Mikelle’s sister, Kimber, said Wednesday she doesn’t believe the missing girl wrote that note, and she’s experienced a flood of disquieting emotions since learning of it.
“It definitely caught me off guard and at first was quite upsetting,” she told InsideEdition.com. “Now, after some reflection and speaking with my family, I feel it may be a cruel joke.”
The bill was reported to police in Neenah, Wis., and Kimber saw it posted on a Facebook page dedicated to info and tips about her sister’s kidnapping.
Mikelle and Kimber were outside playing when they thought they heard music coming from an approaching ice cream truck. Mikelle asked their mother for money and was given 50 cents. The street lights were coming on and it was getting chilly. Kimber, who was 9, ran home to get a sweater, leaving Mikelle pedaling in the street, four houses down from the Biggs’ home.
When she came inside, Kimber’s mom told her to go back and get Mikelle and come home.

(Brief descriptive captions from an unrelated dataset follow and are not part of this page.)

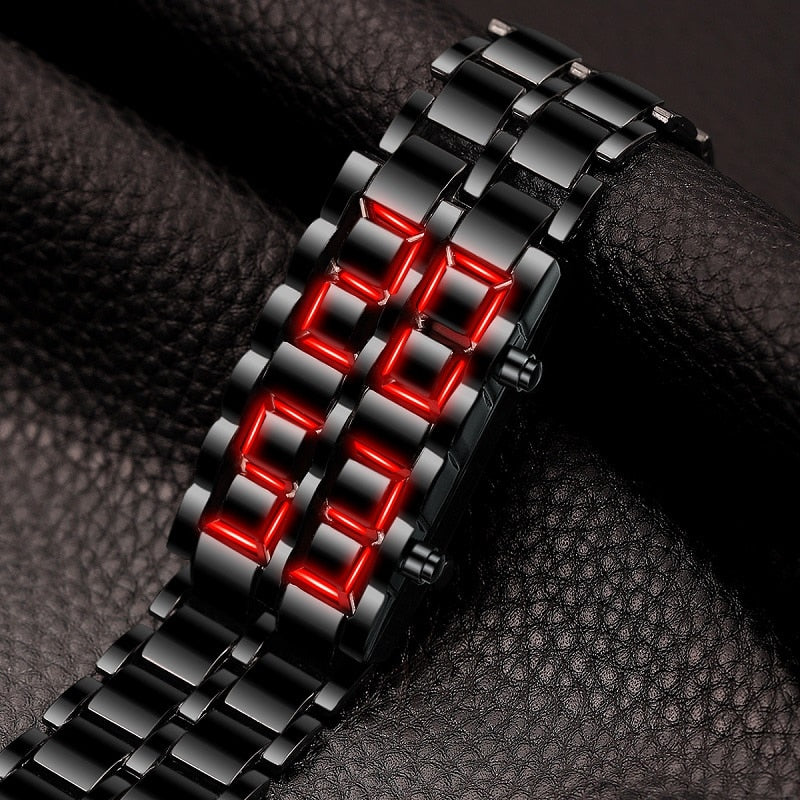 2pcs/ set, Men Watches Sets, Fashion Black Full Metal Digital Lava Wrist Watch Men Blue LED Display Mens Watches &1pc Silvery Bracelets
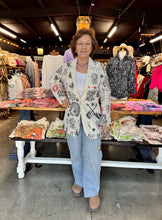 Load image into Gallery viewer, Origami - LACE AND SEQUIN BLAZER JACKET WITH PRINT - ROCK N ROLL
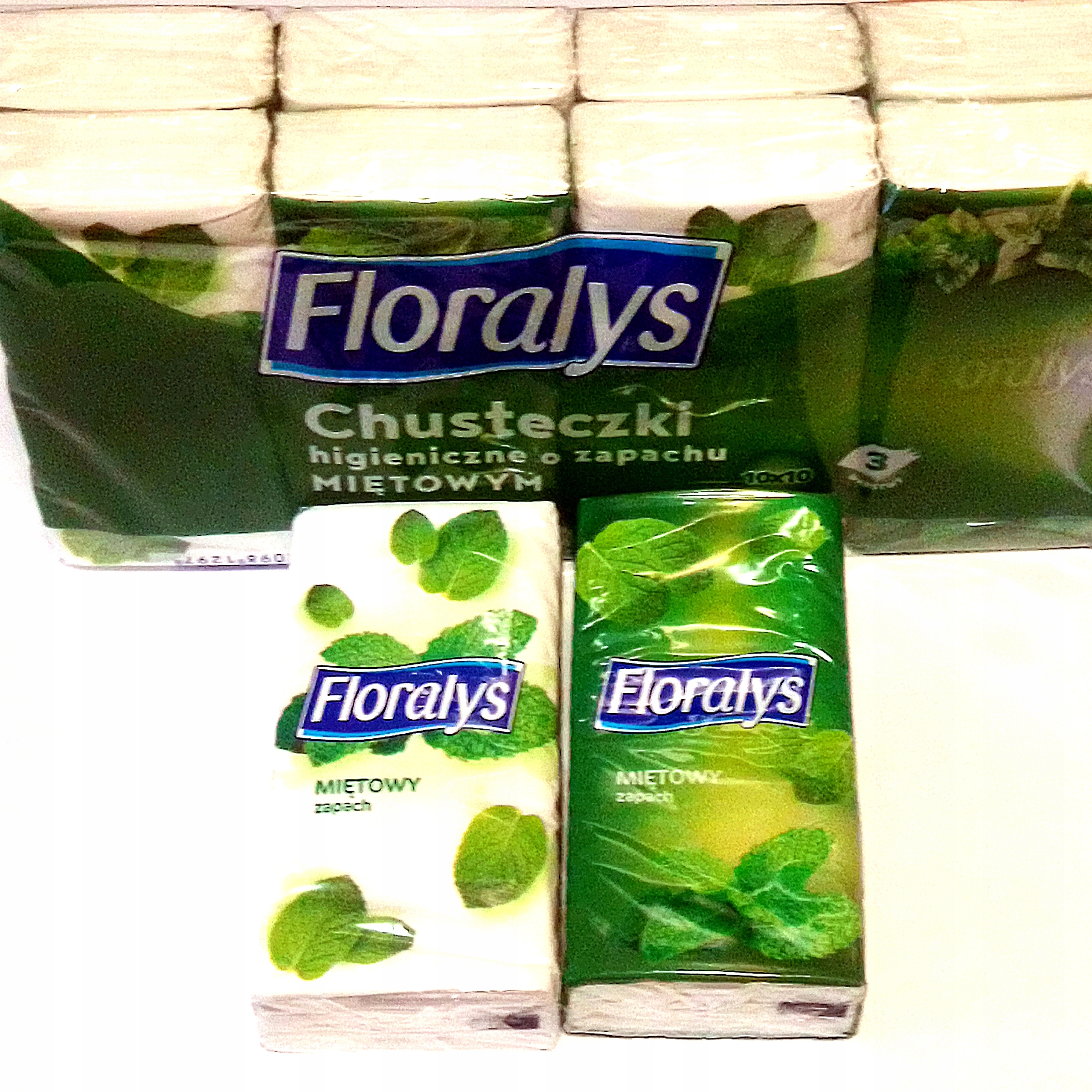 

Chusteczki higieniczne 10 x 10szt 3warstwy miętowe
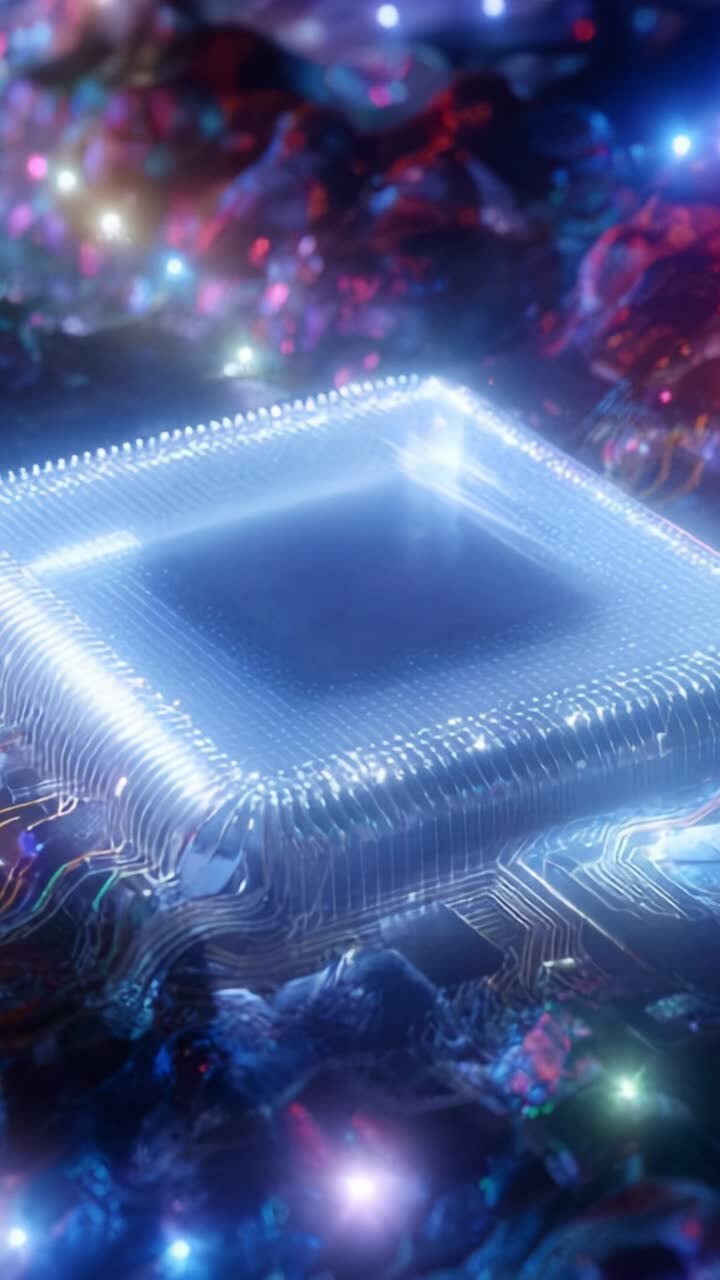 Circuiti digitali astratti con un microchip luminoso circondato da riflessi colorati e motivi intricati in un paesaggio tecnologico futuristico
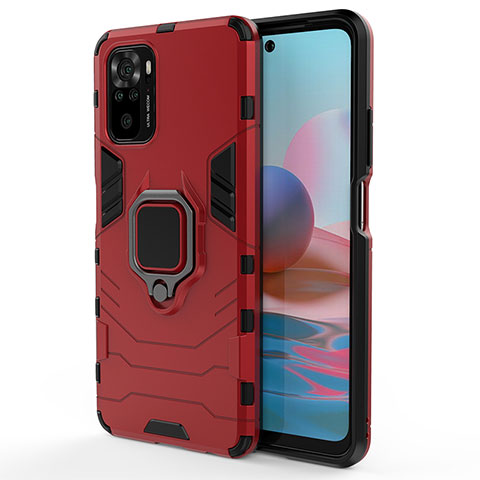 Funda Bumper Silicona y Plastico Mate Carcasa con Magnetico Anillo de dedo Soporte para Xiaomi Redmi Note 10S 4G Rojo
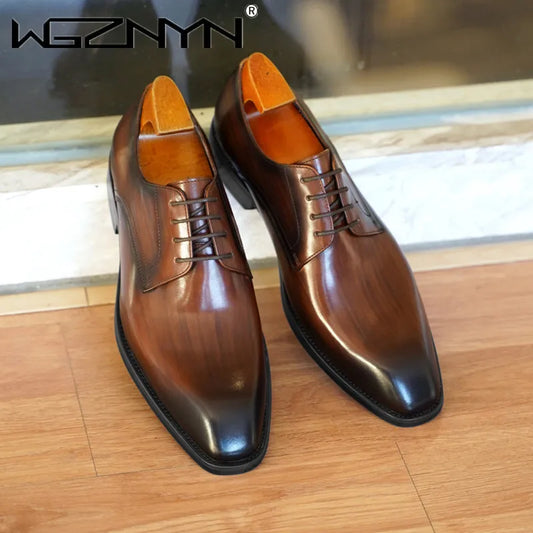 Men's Retro Formal Business Casual Shoes Trend Patent Leather Men Wedding Shoes Oxfords Shoes Designer Pointed Toe Dress Shoe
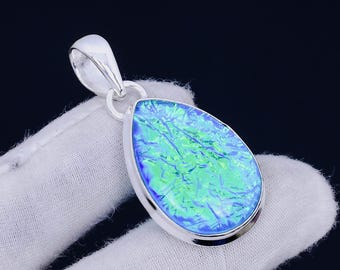 Australian Triplet Fire Opal Gem Stone Pendant, 925 Sterling Silver Pendant, Gift For Her, Anniversary Gift, Wedding Gift, Etsy Silver Item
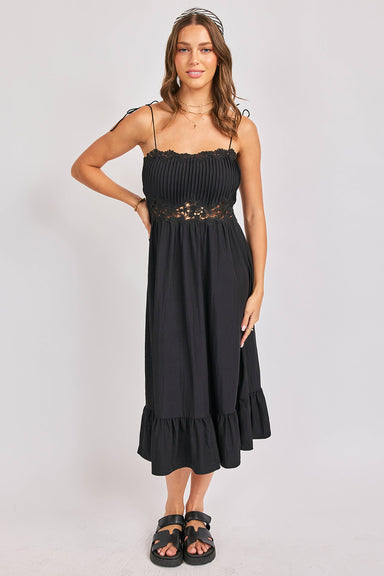 sadie and sage night bloom lace midi black front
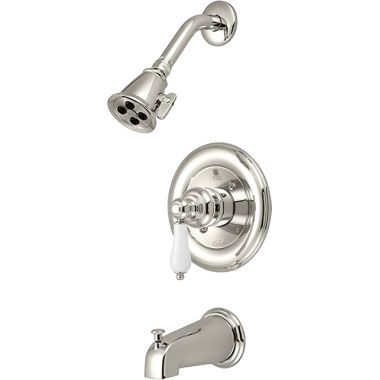 Click here to see Pioneer 4BR110T-PN Pioneer Brentwood Single Handle Polished Nickel Tub/Shower Trim, Two-Function, 2.5 GPM, Porcelain Lever Handle - 4BR110T-PN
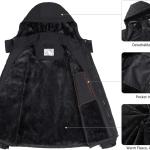 CAMEL CROWN Men's Waterproof Ski Jacket Warm Winter Snow Coat Mountain Windbreaker Hooded Raincoat Snowboarding Jacket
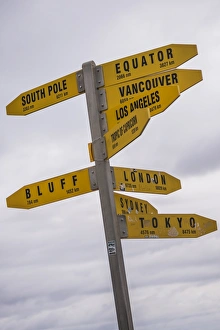 City distances sign at Cape Reinga Lighthouse, Northland, North Island, New Zealand City distances sign at Cape Reinga Lighthouse, Northland, North Island, New Zealand
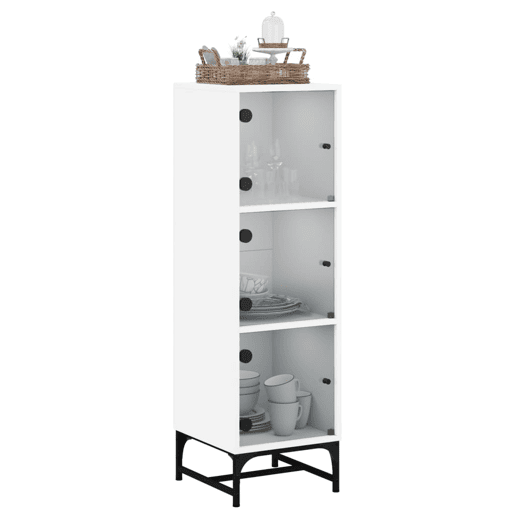 Aparador - Bufete - Móvei de apoio alto c portas de vidro 35x37x120 cm branco pt2131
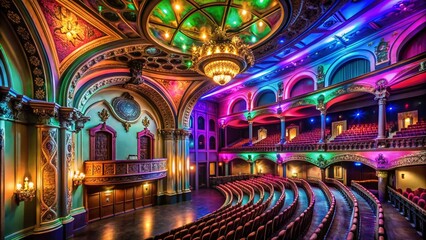 Obraz premium Restored Historic Theater: Matte Black Plaster & Neon Lights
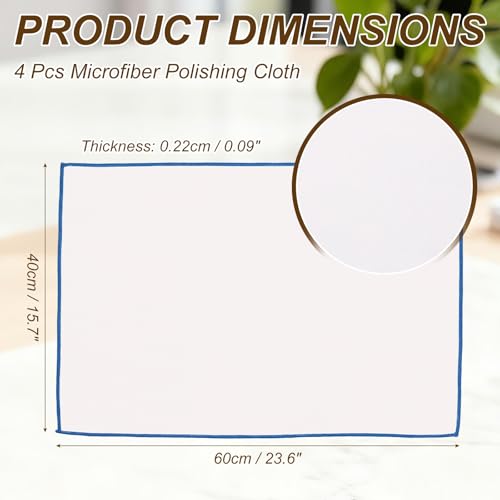 uxcell 4Pcs Glass Polishing Cloth, 23.6x15.7 Microfiber Cleaning Cloths Lint & Streak Free Quickly Drying Towels for Glassware, Cars, Glasses, Phone Screens, Sunglasses, Blue & White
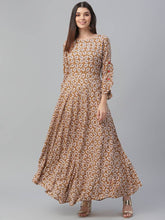 Load image into Gallery viewer, Stylish Rayon Brown Printed Gown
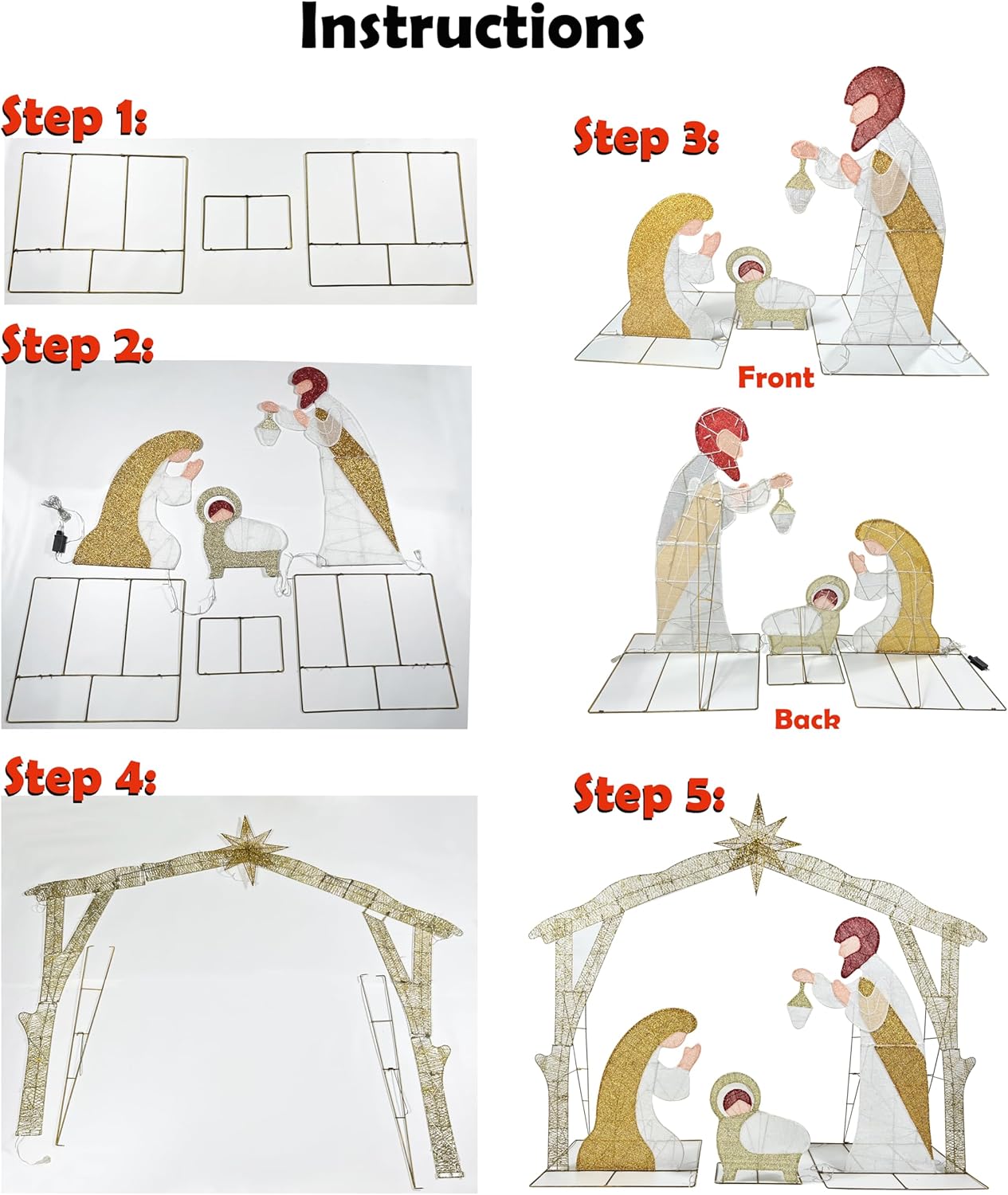 5FT Christmas Decorations Lighted Outdoor Nativity Scene Christmas Holy Family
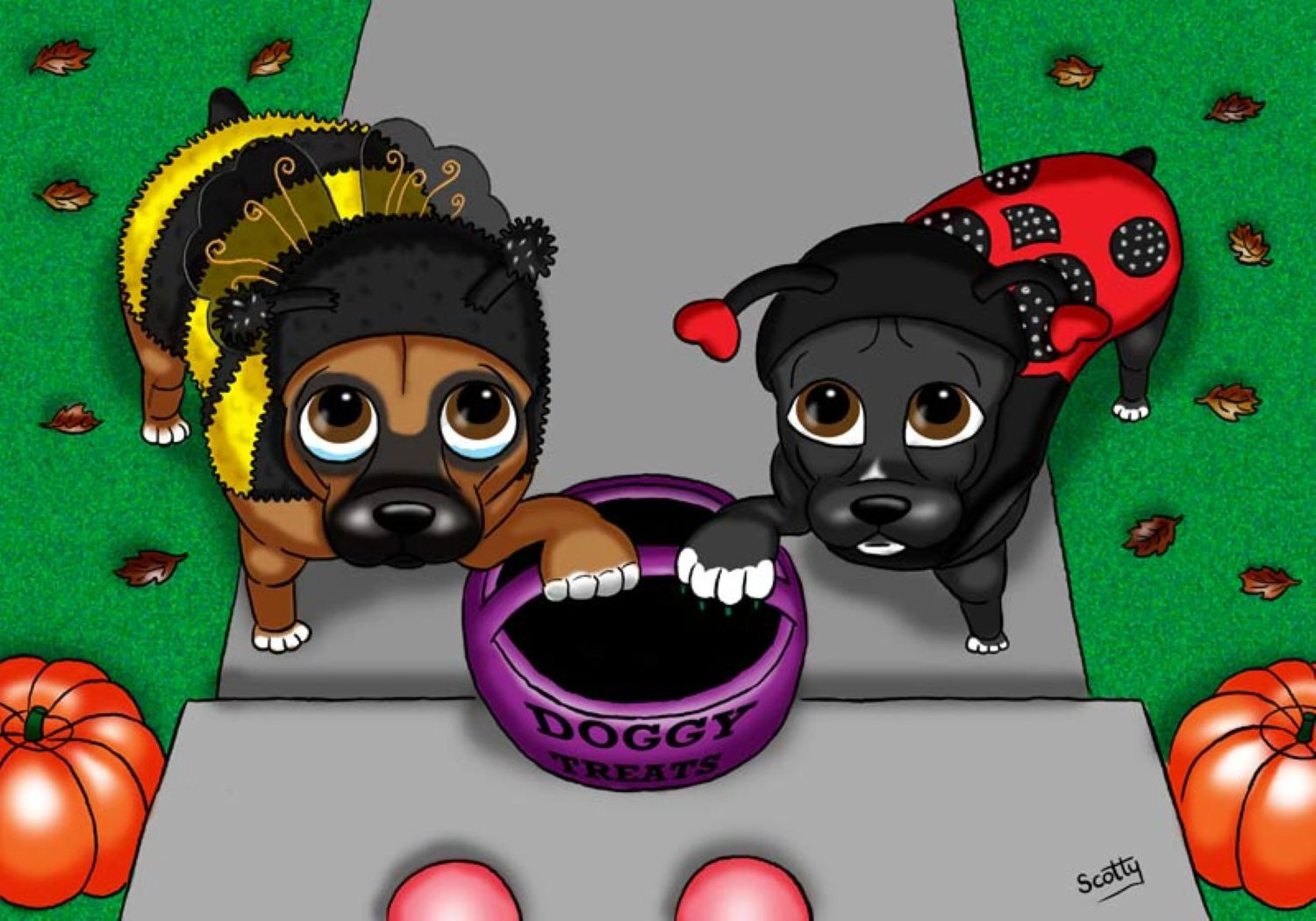 Cartoon pet portrait of two boxer dogs dressed up for halloween trick or treating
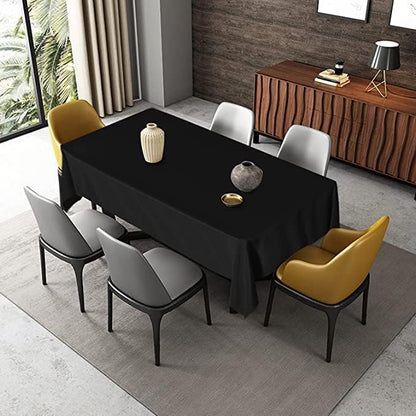 LivinEase Rectangular Tablecloth 140x200cm – 250 GSM Cotton Blend Black Table cloths for 4 to 6 Seater Table - Linen TableCloth Ideal for Christmas, Parties, Halloween and Every Occasions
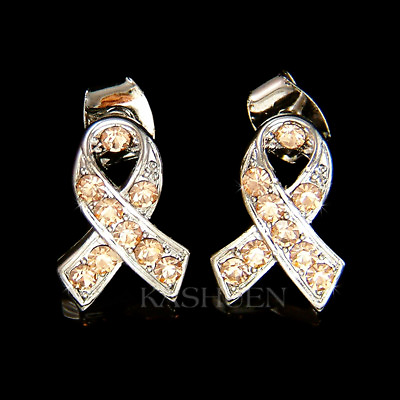 #ad Peach Uterine Cancer made with Swarovski Crystal Awareness Ribbon Hope Earrings $43.00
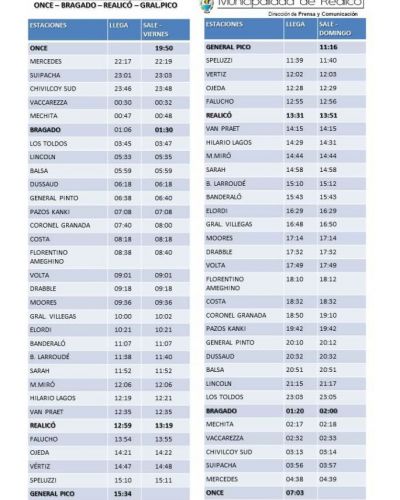 Pico: anuncian los horarios del tren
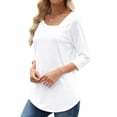 thumbnail image 4 of UVN Summer Square Neck Blouses for Women 3/4 Sleeve Shirt Ladies Dressy Casual Button Tunic Tops, 4 of 9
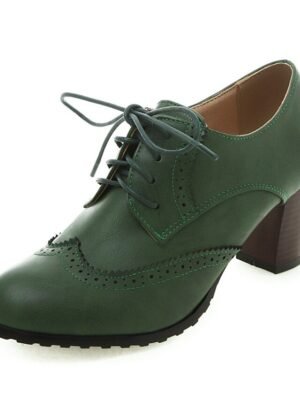 Vintage Chunky Heel Brogue Oxford Mid Heel Shoes - Image 5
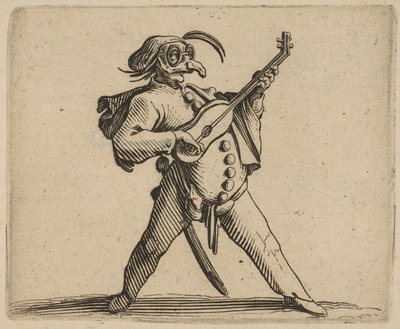 Den maskerede komiker spiller guitar, fra ..., 1616-22. af Jacques Callot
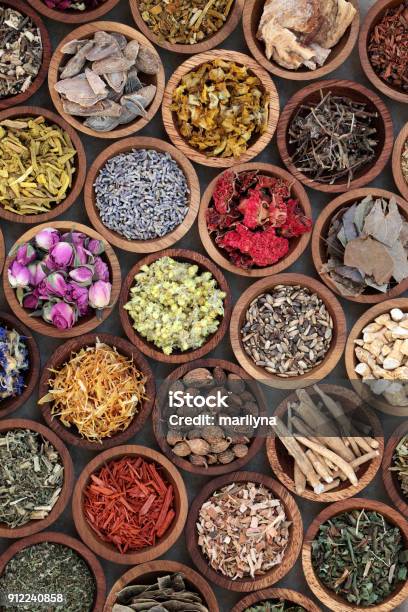 Natural Herbal Medicine Selection Stock Photo - Download Image Now - Herbal Medicine, Ayurveda, Chinese Herbal Medicine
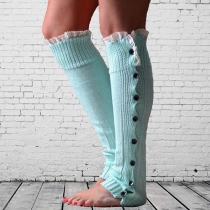Fashion Lace Spliced Buttons Warm Knitted Sock Leg Warmer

It would be dark soon, and the ice cream truck hadn’t shown up.
Kimber, now 28 with a child of her own, says she was gone for all of 90 seconds when she went back out to retrieve her older sister. But Mikelle was gone. The bicycle she had been riding, which was Kimber’s, was lying in the street.
“A lot of details are fuzzy,” Kimber said. “But I have never forgotten the sight of my bike that she had been riding, lying on its side in the road, [a] tire still spinning.”
Mikelle has not been seen since.
The Biggs believe Mikelle’s abductor was a neighborhood man who was later convicted of rape. But police found no evidence linking him to the child’s disappearance.
Kimber said she asked her mother this week if the handwriting on the $1 bill looked like Mikelle’s. She said, “It definitely didn’t look the same. Mikelle wrote very small and neat.”
Kimber also said her sister would never misspell her own name.
Police are investigating and will seek handwriting analysis on the note, authorities said.
Meanwhile, the Biggs remain committed to finding out what happened to Mikelle.